Are you going to review the Trondheim after you test out the Henry V? I would really like to hear your opinion of it, since i am considering maybe picking one up.

thanks and cannot wait to see your review on Henry V!!!

Jay

----------


## Timo Qvintus

Based on KoA's pictures of the Oni, I'm not impressed.. At $1800 (or $1520 from KoA) I expected a bit better. Still, aesthetics aside, it's an L6-blade, with Performance series blade profile, so it should be a pretty good cutter if not a showcase piece (for those who don't mind a 14-inch dead-straight tsuka with no shaping).

----------


## Bogdan M.

Aaron Justice has made a hands on preview a while ago. Indeed the polish is not top notch, too bad, I found the MAS shiney finish nice, even though there's no much activity in L6.

I see the weight has grown since the initial specs. 3+ lbs of bainite? If the edge holds up well, it could be used for cutting trucks I guess  :Big Grin:

----------


## Bogdan M.

double post

----------


## Timo Qvintus

Sword of Might has it in stock too..

----------


## Bogdan M.

> ...
> (for those who don't mind a 14-inch dead-straight tsuka with no shaping).


By the position of the second mekugi I'd say you could easily cut off 2" from that tsuka...

----------


## Timo Qvintus

I don't see the point in cutting down a poorly shaped tsuka, unless they actually mean "The 14'' tsuka is wrapped in black ray skin" literally and the tsuka has a full same-wrap..

EDIT: where's the yokote?

----------


## Bogdan M.

I don't know where's the yokote but they could at least have counterpolished it a bit :Stick Out Tongue: .

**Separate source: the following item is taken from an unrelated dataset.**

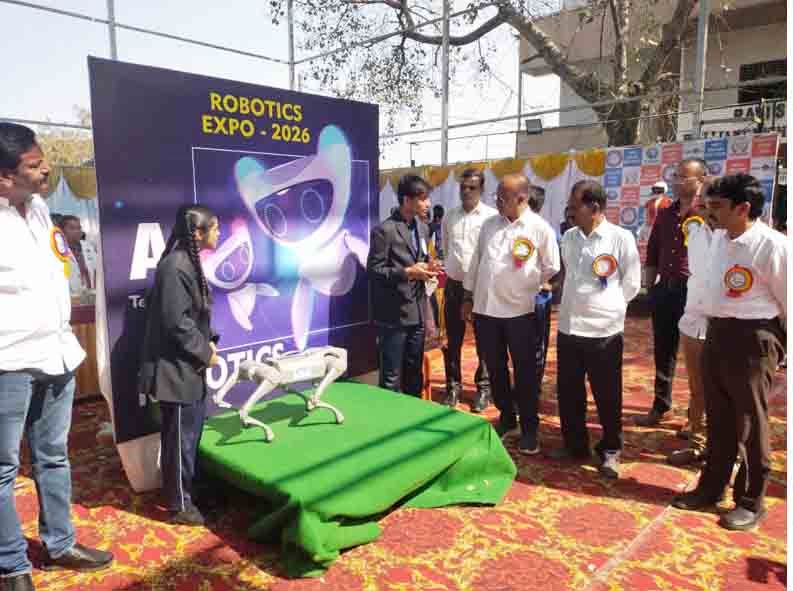 बच्चे रविस स्कूल रोबोटिक्स एक्सपो में मॉडल प्रदर्शित करते हुएरविस हाई स्कूल के विद्यार्थियों द्वारा रोबोटिक्स मॉडल प्रदर्शित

As for the tsuka, straight doesn't necessarily mean badly shaped. At 12" I think that tsuka would be just fine given the heft of the blade.

----------


## David Arthur

That blade's eating habits must be out of control.  :Frown:

----------


## Benjamin P.

Just what is it with production katana companies and that same old boring hamon pattern?  What is it called and why do they love doing it so much?  Can they really think of producing nothing else?  I'm just really sick of it.  Aaron Justice had a forged Shinto a while back that was finally showing off a nice artistic hamon.... now I see that I was too quick to be optimistic.  I mean, if that's too hard to do on a regular basis, I would even be happy to see just a well executed straight hamon (suguha, I think it's called).  Just anything at all but that same boring wavy pattern.  And it might be just me, but on some of these newer models, the hamon is really thin and unattractive.  I know I won't be buying production any time soon if that's all they're going to do.  Seriously guys, it's really getting old, old, old.  Try something else!!!   :Mad:

----------


## Jerry G.

The Oni I held and examined at the NoVA Swordfest most definitely had a true(though slight) yokote...not just counterpolished.  With a piece of rice paper between two fingers, I felt for and found the geometry shift there.  Because the blade's kasane is so slight, especially towards the tip, the yokote is just not as profound as say on a Bugei Samurai or Hanwei Bushido.  Perhaps either that is a pic of the new L6 Shobu's tip section or the Oni I viewed was just an earlier shinogi prototype.

----------


## Ruud B

What justifies the price, the L6 only?
the polish is so so, poor shaped straight stuka and the fittings are nothing to write home about.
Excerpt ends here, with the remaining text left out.